Throughout his message, Albert challenged us to do the same: Invite others into a warm, grace-filled environment, where they’ll be met with love and compassion rather than judgment and ridicule. Unfortunately, it’s a task easier said than done. As Albert put it, “Do lost people, people who are far from God, people who are not religious at all—do they feel comfortable in your presence?” For many of us, I think the answer, sadly, is no.
We have only to look at Jesus to see that sinners loved Him. They flocked to Him and wanted to be around Him. Jesus was filled with a grace they desperately needed and wanted. Do our neighbors sense Jesus’ grace inside us, or do they characterize us Christians by gazing at our pointing fingers?
Think about it: To whom are you talking on your block or in your neighborhood? Are you the person who waves to everyone and gets into conversations? Or do you run from your car to the door and back again? Are you offering your neighbors anything they can’t get from the secular world?
Or maybe you’ve been around the neighborhood for a while and you’ve gotten to know certain people. You hear things about others. We see that Jesus ate in the houses of tax collectors—those completely despised and disrespected. How about you? Do you greet those who’ve cheated on their spouses with smiles? Do you shake the hands of people with addictions? Do you spend time listening to your neighbors with different political beliefs, skin colors, and backgrounds?

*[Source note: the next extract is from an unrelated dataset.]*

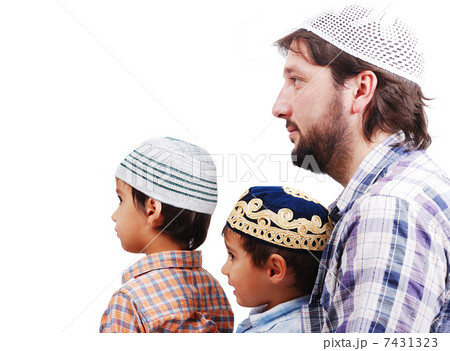 Muslim family, father and two boys 7431323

If we’re going to bless others and show them Jesus, then we need to actually show them Jesus. We don’t get to be gracious and full of love to those we like and act cold and short with those we don’t.
Albert asked, “Do you create a space so full of grace that people want to be in your presence?” How radical would it be if your neighbors saw you as a Christian who loves, not judges? As a Christian who serves instead of shuts out? That’s what the world needs: Grace—and people who live it out. Most people know they have a problem; someone else pointing it out isn’t going to help. Instead, are you the kind of person who makes others comfortable? If people share guilt and shame with you, will you meet them with love and respect?

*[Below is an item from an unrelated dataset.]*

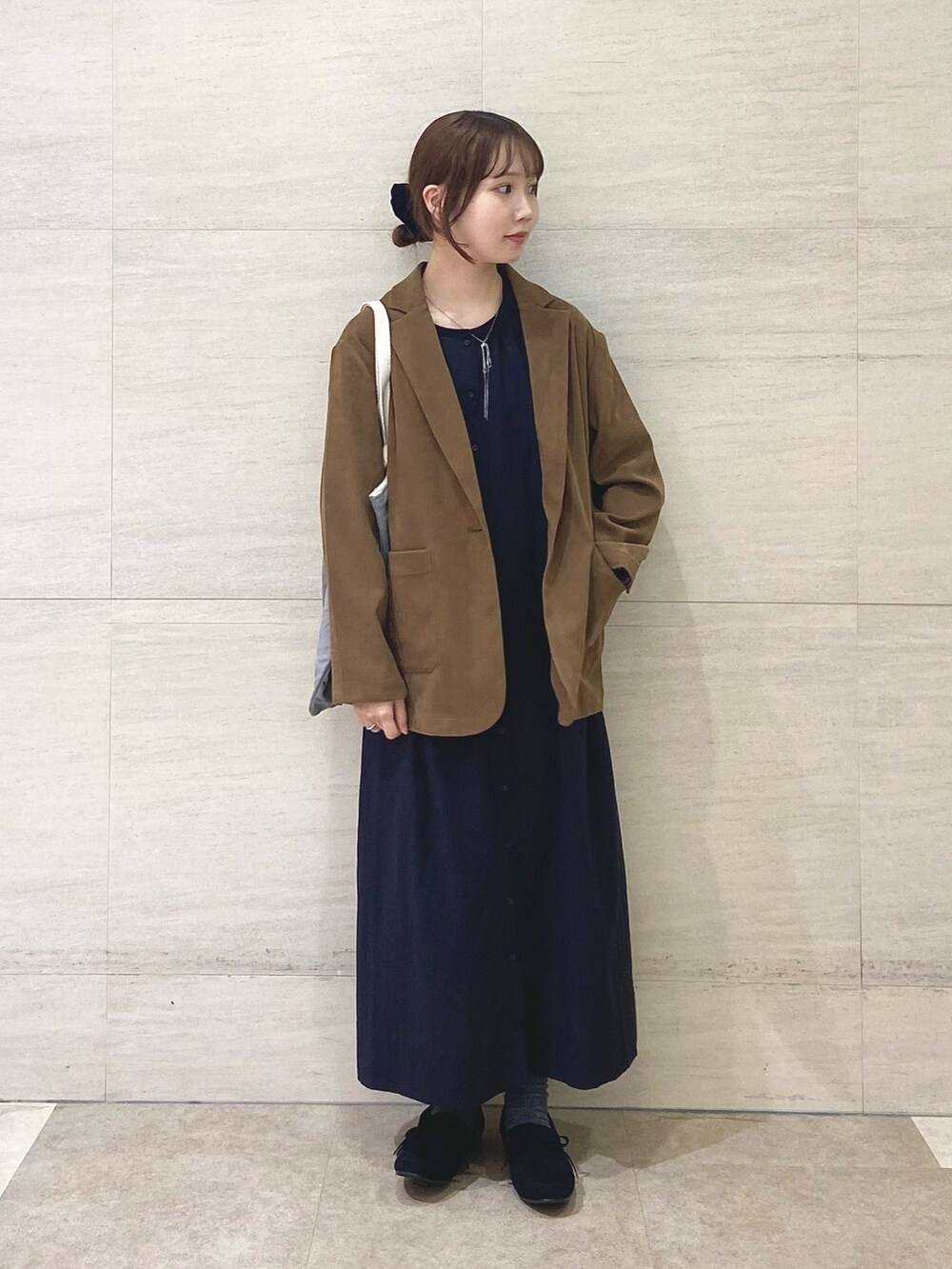 ブラック系のワンピース、ベージュ系のその他アウター、グレー系のトートバッグを着用したレディースの秋コーディネートの2枚目の写真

It can be hard to just go up to someone and invite them over for a meal; we’re not all wired with the ability to do that. For this week’s challenge, let’s make an effort just to get to know our neighbors. With the weather getting nicer, more people are out going for walks, working in the yard, or playing with their kids. Next time you see a neighbor, greet that person, exchange names, and find something in common, something you can build on. Then nurture that new relationship.
Christians, we have our work cut out for us: Many people don’t view us in a great light. We can be seen as hypocritical, judgmental, and “holier than thou.” In some cases, maybe this is deserved. But let’s smash those stereotypes and start meeting our neighbors with open hands and open hearts.
Jesus was known by His love, and His reputation preceded Him. Let the word spread about you, too. Be known as kind, gentle, and gracious. To change the world, it needs to start in our neighborhoods. It needs to start with our neighbors. As Christians, we know Jesus is the answer; now let’s be willing to share that answer with everyone around us.